Di hadapan majelis hakim yang diketuai Hommel Franciskus Tampubolon dan tim Jaksa Penuntut Umum (JPU), terdakwa mantan Dirut Bank Jateng Supriyatno yang biasanya tenang, dengan lugas memaparkan bagaimana fasilitas SCF yang disalurkan kepada Sritex sudah melalui SOP dan prinsip kehatian-kehatian bank.
Bukan hanya membela formal, Supriyatno justru membalik logika dakwaan dengan pendapat bahwa produk SCF yang kini membawanya ke kursi pesakitan justru merupakan instrumen puncak kehati-hatian perbankan karena melalui validasi, analisis kelayakan, manajemen risiko, dan kepatuhan.

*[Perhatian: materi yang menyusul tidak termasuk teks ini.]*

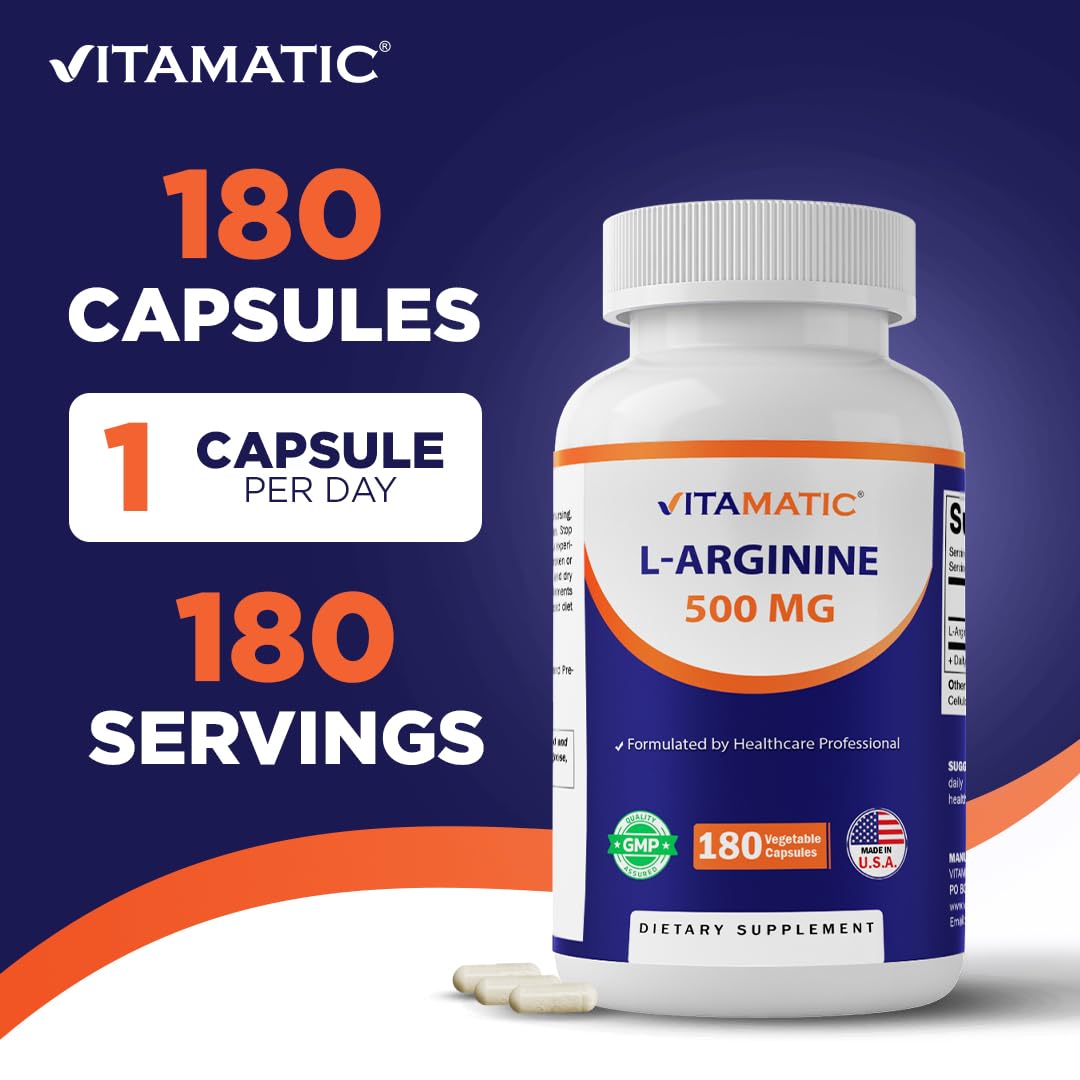 Vitamatic L-Arginine 500mg Capsules, 180 Count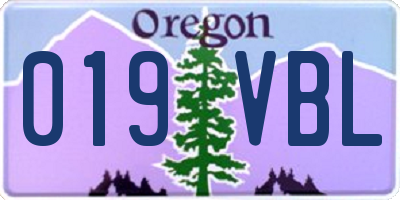 OR license plate 019VBL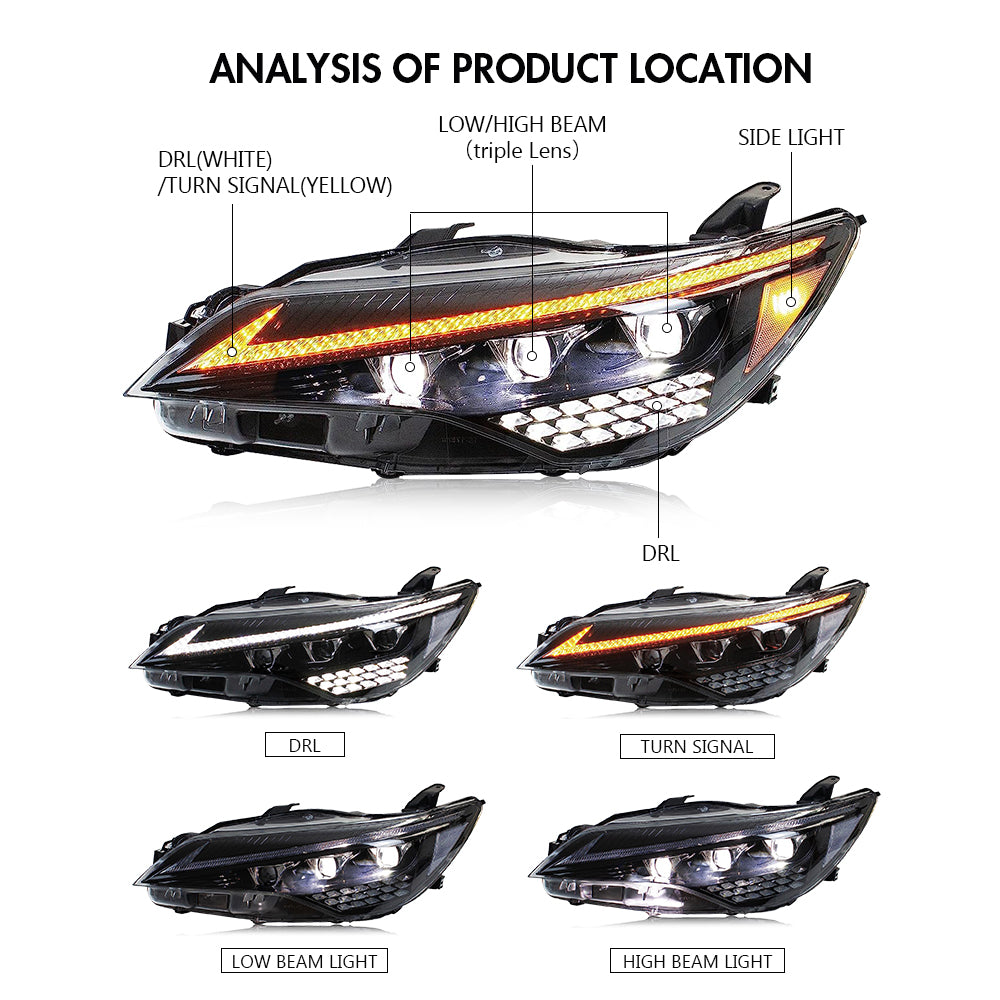 Triple Beam LED Headlamps for Toyota Camry 7th Gen 2015-2017 LE SE Projector Front Lamps Assembly - KuerLED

Menjawab pertanyaan JPU mengenai perbedaan SCF dan kredit umum, Supriyatno menegaskan bahwa SCF memiliki mekanisme yang jauh lebih ketat dan transparan. Baginya, SCF adalah sistem yang A hingga Z-nya tercatat rapi.
Dalam konteks SCF, kata Supriyatno, sebagai lembaga pembiayaan yang mengelola bisnis risiko, bank mengacu pada informasi angka-angka laporan keuangan yang disodorkan pihak debitur. Selama angka dalam dokumen keuangan perusahaan benar, invoice dari pemasok (supplier) yang diakseptasi anchor sudah benar dan mendapat audit dari regulator keuangan, pihaknya tak memiliki alasan untuk curiga.